Our model reduces our RMSE error with respect to the baseline; we are correcting the low-cost sensor readings with about 50% reduction in error in `i25_denver` and 30% in `CAMP`. Data from these locations have not been seen by our model. There is some progress, right? See table below.

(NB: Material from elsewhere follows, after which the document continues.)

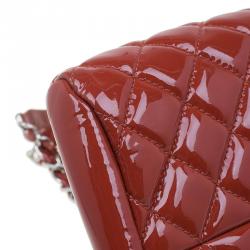 Pre Owned Chanel Brown Quilted Patent Medium Just Mademoiselle Bowling Bag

  | Location| Baseline RMSE| Linear model 1 RMSE|
  |---|---|---|
   |**Train**|---|---|
  |NJH | 4.36| 2.28|
  |i25_glo_1|6.67|3.97|
  |i25_glo_2|4.55|3.57|
  |i25_glo_3|5.41|3.65|
  |la_casa|6.06|2.86|
   |**Train**|---|---|
  |CAMP|2.35|1.64|
  |i25_denver|8.04|4.47|
  

# EXERCISE 

We need to repeat this process above for other feature sets defined in `model_features`.

For faster iterations, you can use `run_training_eval` function to iterate over features. Take not that the `run_training_eval` function also takes an `èstimator` argument which defaults to `LinearRegressor()`. You can change the value passed to this argument to `RandomForestRegressor` (which has alrready been imported into this notebook). This way, you can try they random forest model.  

Start with exploring all the possible features defined in `model_features` for `LinearRegressor()` before proceeding to `RandomForestRegressor`.

Find out what your best model is and deepen your exploration of this model using things like scatter plots for camparing corrected and not corrected `pm_cs`values. You model output is the corrected `pm_cs`value.

You can also find the feature importances by using `.feature_importances_`on your trained model. If you apply `run_training_eval`to fit your model, you will find the trained model in by using the `model`on the output dictionary.

You can then proceed to check for disaggregated errors for your best model.